In [21]:
# transformers 

# transformer library from hugging face
# basic object --> pipeline() function : connects a model with its necessary preprocessing and post postprocessing steps. 

In [22]:
from transformers import pipeline 
classifier = pipeline('sentiment-analysis') 
result_1= classifier('I have been waiting to learn NLP course my whole life')
result_2 = classifier(
    ['I have been waiting to learn NLP course my whole life',
    'I litle nervous']
    )
print(result_1)
print(result_2)

# model is downloaded and cached when you create the classifier object.
# rerun the command, the cached model will be used instead

# Some of the currently available pipelines are:
# -----------------------------------------------
# feature-extraction (get the vector representation of a text)
# fill-mask
# ner (named entity recognition)
# question-answering
# sentiment-analysis
# summarization
# text-generation
# translation
# zero-shot-classification

No model was supplied, defaulted to distilbert-base-uncased-finetuned-sst-2-english and revision af0f99b (https://huggingface.co/distilbert-base-uncased-finetuned-sst-2-english).
Using a pipeline without specifying a model name and revision in production is not recommended.


[{'label': 'POSITIVE', 'score': 0.6276514530181885}]
[{'label': 'POSITIVE', 'score': 0.6276514530181885}, {'label': 'NEGATIVE', 'score': 0.9888225793838501}]


In [23]:
# zero-shot classifiction 
classifier_zs = pipeline('zero-shot-classification') 
classifier_zs(
    'this is a course about the Transformer library',
    candidate_labels = ['education','politics', 'business']
)
# allows you to specify which labels to use for the classification.
# This pipeline is called zero-shot because you don’t need to fine-tune the model on your data to use it. 
# It can directly return probability scores for any list of labels you want!
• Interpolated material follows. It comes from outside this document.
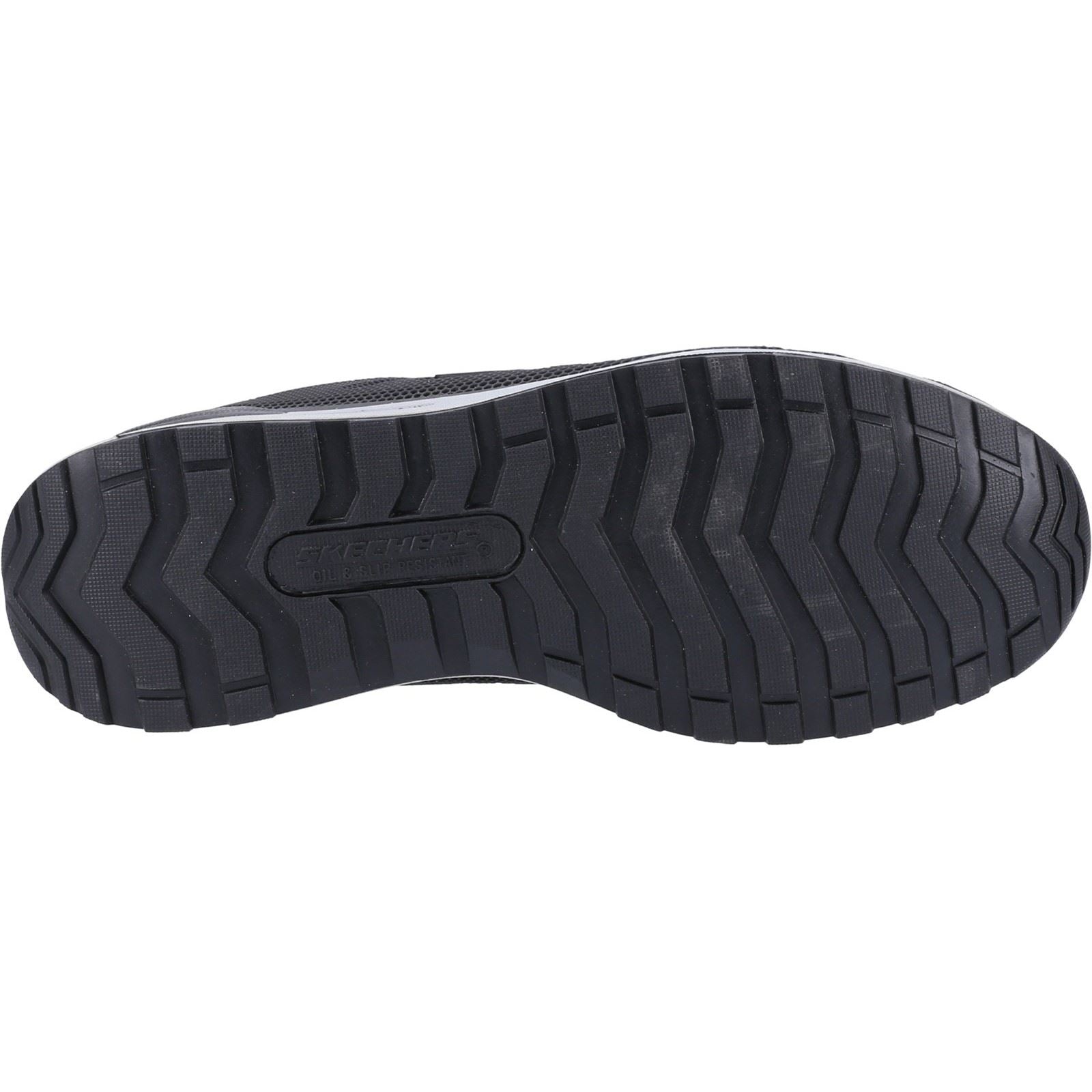 Skechers (GAR200053EC) Trainers Safety Bulklin Bragoo in UK 6 to 12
No model was supplied, defaulted to facebook/bart-large-mnli and revision c626438 (https://huggingface.co/facebook/bart-large-mnli).
Using a pipeline without specifying a model name and revision in production is not recommended.


{'sequence': 'this is a course about the Transformer library',
 'labels': ['education', 'business', 'politics'],
 'scores': [0.9569939970970154, 0.030598720535635948, 0.01240723580121994]}

In [24]:
# text generation 
generator = pipeline('text-generation')
generator('In this course, we will teach you how to')
# you provide a prompt and the model will auto-complete it by generating the remaining text. 
# text generation involves randomness
# it’s normal if you don’t get the same results as shown below.
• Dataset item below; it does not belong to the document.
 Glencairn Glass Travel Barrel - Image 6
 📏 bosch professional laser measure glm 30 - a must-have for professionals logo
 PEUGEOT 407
No model was supplied, defaulted to gpt2 and revision 6c0e608 (https://huggingface.co/gpt2).
Using a pipeline without specifying a model name and revision in production is not recommended.
Setting `pad_token_id` to `eos_token_id`:50256 for open-end generation.
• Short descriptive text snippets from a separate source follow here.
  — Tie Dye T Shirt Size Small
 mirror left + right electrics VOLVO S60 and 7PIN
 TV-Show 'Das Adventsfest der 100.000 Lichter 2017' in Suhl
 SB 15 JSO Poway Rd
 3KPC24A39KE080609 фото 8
[{'generated_text': 'In this course, we will teach you how to play and write the first chapter of the "Magic Magic of the Golden Ages" (part 3, part 4, part 5, part 6, part 7, part 8, part 9, part 10'}]

In [25]:
# using a specfic model from hugging face hug, (instead of default model)
generator_disgpt2 = pipeline('text-generation', model='distilgpt2')
generator_disgpt2('In this course, we will teach you how to')

Setting `pad_token_id` to `eos_token_id`:50256 for open-end generation.


[{'generated_text': 'In this course, we will teach you how to set the "T" into operation, and will show you how to set it in real time and within seconds. In this course we will show you how to set the "T" into operation,'}]

In [26]:
# mask filling
unmask = pipeline('fill-mask')
unmask('This course will teach you all about <mask> models', top_k =2)
# The top_k argument controls how many possibilities you want to be displayed. 
# Note that here the model fills in the special <mask> word, which is often referred to as a mask token. 
# Other mask-filling models might have different mask tokens, so it’s always good to verify the proper mask word when exploring other models. 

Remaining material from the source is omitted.